** Opening Information provided block **

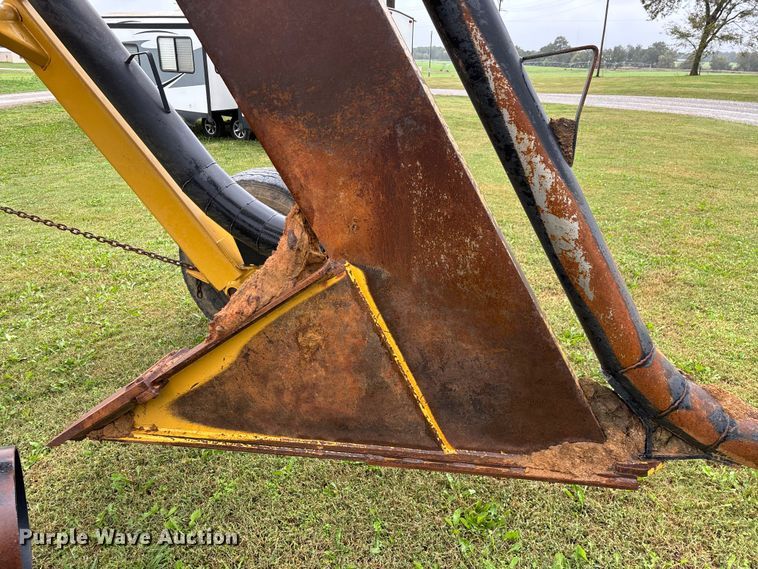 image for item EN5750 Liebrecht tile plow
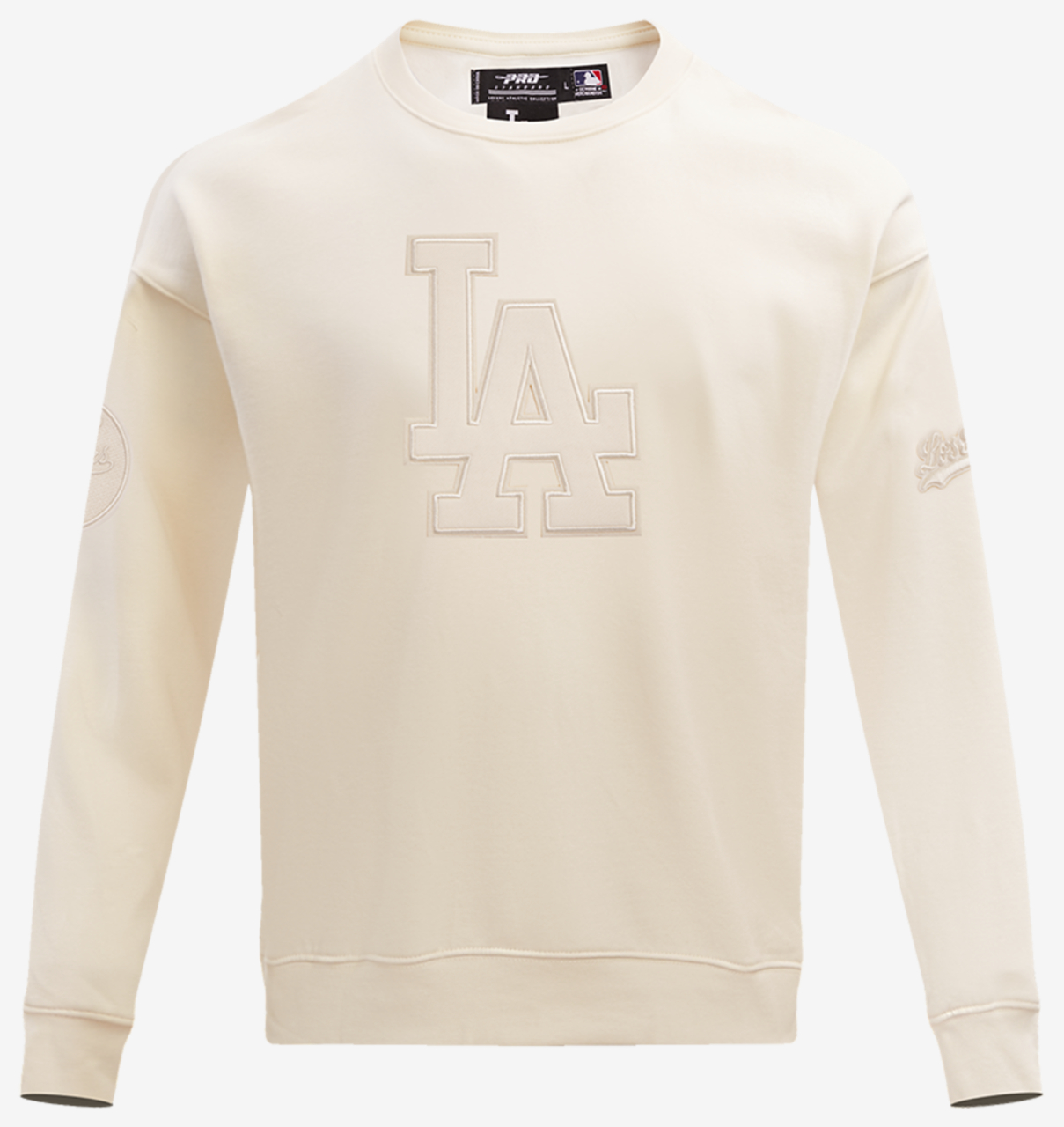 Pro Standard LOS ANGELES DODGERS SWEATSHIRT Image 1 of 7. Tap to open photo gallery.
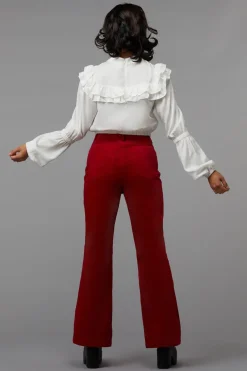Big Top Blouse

** Closing Information provided block **

*The problem*
Leave out the pictures, and write out all the remaining data above exactly.

*Problem solution*
 image for item EN5750 Liebrecht tile plow
 Pro Standard LOS ANGELES DODGERS SWEATSHIRT Image 1 of 7. Tap to open photo gallery.
Big Top Blouse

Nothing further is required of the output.